Charles Darwin's (1859) theory of evolution used a synergetic or co-evolutionary model of fitness that characterised it in respect of an organism's 'organic and inorganic conditions of life'. When a cock-bird attracted a mate or a long-tongued insect found deep-throated flowers to pollinate, they activated dynamic multipliers that selectively rewarded success and opened new possibility spaces of future opportunities and challenges. If the co-evolution of deep-throated flowers and long-tongued moths led to an exaggeration of these traits, then conventional pollinators might be locked out and long-tongued pollinators would thrive.
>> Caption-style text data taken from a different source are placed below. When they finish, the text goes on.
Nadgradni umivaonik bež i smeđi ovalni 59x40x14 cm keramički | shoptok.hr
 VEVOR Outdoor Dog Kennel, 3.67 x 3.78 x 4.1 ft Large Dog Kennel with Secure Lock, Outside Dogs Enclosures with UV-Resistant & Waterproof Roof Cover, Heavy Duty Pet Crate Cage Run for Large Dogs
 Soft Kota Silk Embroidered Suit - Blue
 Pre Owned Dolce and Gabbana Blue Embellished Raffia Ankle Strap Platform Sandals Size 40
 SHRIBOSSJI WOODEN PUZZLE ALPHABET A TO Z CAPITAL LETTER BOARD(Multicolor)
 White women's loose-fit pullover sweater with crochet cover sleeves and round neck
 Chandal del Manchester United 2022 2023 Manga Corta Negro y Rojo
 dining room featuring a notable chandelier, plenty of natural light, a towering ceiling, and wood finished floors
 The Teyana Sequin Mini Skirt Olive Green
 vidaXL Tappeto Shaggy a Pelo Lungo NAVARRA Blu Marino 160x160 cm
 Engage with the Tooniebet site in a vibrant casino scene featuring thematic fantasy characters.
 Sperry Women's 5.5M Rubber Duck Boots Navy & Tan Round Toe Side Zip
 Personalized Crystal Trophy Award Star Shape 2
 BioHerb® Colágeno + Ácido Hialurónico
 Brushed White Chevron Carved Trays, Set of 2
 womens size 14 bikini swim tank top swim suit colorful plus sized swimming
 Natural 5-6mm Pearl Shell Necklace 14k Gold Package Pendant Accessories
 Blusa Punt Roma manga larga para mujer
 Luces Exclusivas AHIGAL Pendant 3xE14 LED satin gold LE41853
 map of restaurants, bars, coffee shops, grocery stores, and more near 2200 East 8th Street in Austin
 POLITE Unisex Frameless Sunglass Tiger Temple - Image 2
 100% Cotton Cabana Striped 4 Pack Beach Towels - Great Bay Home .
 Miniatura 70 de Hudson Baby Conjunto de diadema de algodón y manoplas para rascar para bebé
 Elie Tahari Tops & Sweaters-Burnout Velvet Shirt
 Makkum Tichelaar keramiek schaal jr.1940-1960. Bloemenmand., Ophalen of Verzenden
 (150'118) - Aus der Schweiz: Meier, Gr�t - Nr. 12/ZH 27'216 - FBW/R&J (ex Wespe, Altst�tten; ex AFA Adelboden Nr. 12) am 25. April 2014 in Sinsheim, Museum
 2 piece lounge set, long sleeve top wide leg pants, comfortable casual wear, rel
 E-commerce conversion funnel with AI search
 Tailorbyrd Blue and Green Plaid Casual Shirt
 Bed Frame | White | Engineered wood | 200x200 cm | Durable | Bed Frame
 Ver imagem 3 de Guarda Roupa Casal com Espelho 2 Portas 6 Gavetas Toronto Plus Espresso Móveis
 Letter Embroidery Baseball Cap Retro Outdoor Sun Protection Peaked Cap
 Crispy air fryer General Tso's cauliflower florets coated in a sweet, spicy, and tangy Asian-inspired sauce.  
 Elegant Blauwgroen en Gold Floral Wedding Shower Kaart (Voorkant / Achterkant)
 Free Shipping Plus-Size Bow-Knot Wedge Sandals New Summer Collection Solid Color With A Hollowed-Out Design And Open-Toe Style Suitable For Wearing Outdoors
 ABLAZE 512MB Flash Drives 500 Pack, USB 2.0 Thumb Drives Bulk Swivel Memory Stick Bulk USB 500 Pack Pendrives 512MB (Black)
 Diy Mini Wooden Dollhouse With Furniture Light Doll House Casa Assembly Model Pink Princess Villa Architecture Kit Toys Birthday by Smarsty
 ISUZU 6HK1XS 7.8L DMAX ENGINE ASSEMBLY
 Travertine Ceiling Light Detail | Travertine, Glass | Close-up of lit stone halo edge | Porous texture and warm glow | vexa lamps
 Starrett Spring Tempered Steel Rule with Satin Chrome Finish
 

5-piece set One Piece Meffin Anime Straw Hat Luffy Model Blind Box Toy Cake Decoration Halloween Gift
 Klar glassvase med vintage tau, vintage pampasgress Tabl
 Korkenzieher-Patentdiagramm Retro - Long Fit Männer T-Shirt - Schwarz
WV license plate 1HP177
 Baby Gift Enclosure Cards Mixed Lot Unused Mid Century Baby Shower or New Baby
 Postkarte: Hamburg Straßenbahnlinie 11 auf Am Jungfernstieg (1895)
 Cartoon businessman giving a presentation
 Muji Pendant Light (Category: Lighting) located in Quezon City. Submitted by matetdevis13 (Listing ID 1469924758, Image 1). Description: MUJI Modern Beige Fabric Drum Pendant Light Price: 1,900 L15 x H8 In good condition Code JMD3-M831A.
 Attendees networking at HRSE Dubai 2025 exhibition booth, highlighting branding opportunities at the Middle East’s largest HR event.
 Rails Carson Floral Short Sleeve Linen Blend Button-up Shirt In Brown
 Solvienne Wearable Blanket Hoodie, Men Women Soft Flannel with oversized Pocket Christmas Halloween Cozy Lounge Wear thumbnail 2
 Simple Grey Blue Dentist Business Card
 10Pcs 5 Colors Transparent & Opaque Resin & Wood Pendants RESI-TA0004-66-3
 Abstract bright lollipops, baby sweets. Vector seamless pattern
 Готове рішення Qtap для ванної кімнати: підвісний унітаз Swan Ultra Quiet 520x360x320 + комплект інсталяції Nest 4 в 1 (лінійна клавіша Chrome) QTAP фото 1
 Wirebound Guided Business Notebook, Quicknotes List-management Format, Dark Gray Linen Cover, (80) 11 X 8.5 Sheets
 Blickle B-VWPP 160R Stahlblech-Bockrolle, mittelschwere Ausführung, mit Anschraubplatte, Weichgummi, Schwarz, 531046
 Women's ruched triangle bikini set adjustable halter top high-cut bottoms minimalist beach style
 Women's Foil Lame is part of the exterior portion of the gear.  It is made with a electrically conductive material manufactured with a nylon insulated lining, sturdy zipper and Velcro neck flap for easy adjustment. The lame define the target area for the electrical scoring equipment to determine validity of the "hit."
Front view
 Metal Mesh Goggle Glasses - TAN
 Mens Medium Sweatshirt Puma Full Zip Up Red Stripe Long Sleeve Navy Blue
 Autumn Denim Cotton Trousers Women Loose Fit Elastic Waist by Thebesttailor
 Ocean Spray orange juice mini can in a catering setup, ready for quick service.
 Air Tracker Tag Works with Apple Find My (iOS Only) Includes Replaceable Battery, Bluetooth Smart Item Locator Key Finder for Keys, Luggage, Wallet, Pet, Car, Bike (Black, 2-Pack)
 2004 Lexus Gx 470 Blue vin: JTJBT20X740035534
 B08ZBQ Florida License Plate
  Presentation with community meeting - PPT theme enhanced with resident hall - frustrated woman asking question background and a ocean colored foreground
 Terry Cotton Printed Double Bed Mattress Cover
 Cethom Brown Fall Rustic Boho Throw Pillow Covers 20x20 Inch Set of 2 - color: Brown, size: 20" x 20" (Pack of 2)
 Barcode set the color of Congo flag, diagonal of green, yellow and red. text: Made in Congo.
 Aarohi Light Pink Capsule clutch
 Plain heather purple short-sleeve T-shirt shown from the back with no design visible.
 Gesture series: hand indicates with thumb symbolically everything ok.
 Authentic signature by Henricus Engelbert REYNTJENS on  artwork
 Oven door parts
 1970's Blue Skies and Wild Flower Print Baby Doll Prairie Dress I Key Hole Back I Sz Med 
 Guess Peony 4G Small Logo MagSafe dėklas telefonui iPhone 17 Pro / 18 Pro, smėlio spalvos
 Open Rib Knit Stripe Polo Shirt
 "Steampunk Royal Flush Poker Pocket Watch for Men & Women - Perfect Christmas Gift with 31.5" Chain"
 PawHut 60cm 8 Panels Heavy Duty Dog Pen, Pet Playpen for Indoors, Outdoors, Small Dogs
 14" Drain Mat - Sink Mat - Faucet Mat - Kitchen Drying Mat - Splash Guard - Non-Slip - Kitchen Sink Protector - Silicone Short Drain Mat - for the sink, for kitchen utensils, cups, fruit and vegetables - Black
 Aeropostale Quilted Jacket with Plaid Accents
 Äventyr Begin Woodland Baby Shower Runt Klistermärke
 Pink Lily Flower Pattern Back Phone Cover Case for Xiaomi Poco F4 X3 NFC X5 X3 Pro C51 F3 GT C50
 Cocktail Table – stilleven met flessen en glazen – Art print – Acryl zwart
During the first half of the 20th century, however, biologists re-defined evolution as a change in the gene-pool driven by natural selection (as described by Fisher 1930). This gene-centred model is often referred to as the 'modern synthesis' (Huxley 1942). Its success was due, in part, to experimental evidence that falsified the continuity assumptions Darwin had built into his theory and, in part, to the physicist Erwin Schrödinger (1944), who saw analogies between genetics and quantum theory and argued for the existence of a genetic blueprint. Watson and Crick's (1953) work on DNA seemed consistent with Schrödinger's blueprint hypothesis and the Darwinian model was set aside. In the modern synthesis, natural selection becomes a filter that punishes failure, and fitness is an attribute of a gene. The result is a heroic model (Landau 1991) in which genes either have what it takes to survive or are eliminated.

Darwin's enthusiasm for Herbert Spencer's phrase 'survival of the fittest' (see, for example, Chapter 4 of the sixth edition of Origin; Darwin 1871a) suggests that he too found heroic models attractive. Darwin often assumed that the 'conditions of life' experienced in a region would be more or less uniform. Under the assumption of uniformity one can reasonably speak of some organisms being heroically fitter than others. The differences between Darwin's theory and the modern synthesis become significant, however, when one tries to connect the two models to later developments in systems ecology. With Darwin's theory it is possible to treat fitness as the upshot of co-evolutionary processes that reward success, because selection operates on organisms in a populated neighbourhood, where co-operative behaviour can greatly enhance survival prospects. With the modern synthesis, however, there is only the heroic model. Selection does not reward success; it punishes failure. The heroes that survive are not organisms but genes. Ecological synergies are hard to model if natural selection operates on gene pools and there are no selective multipliers to reward co-operative strategies.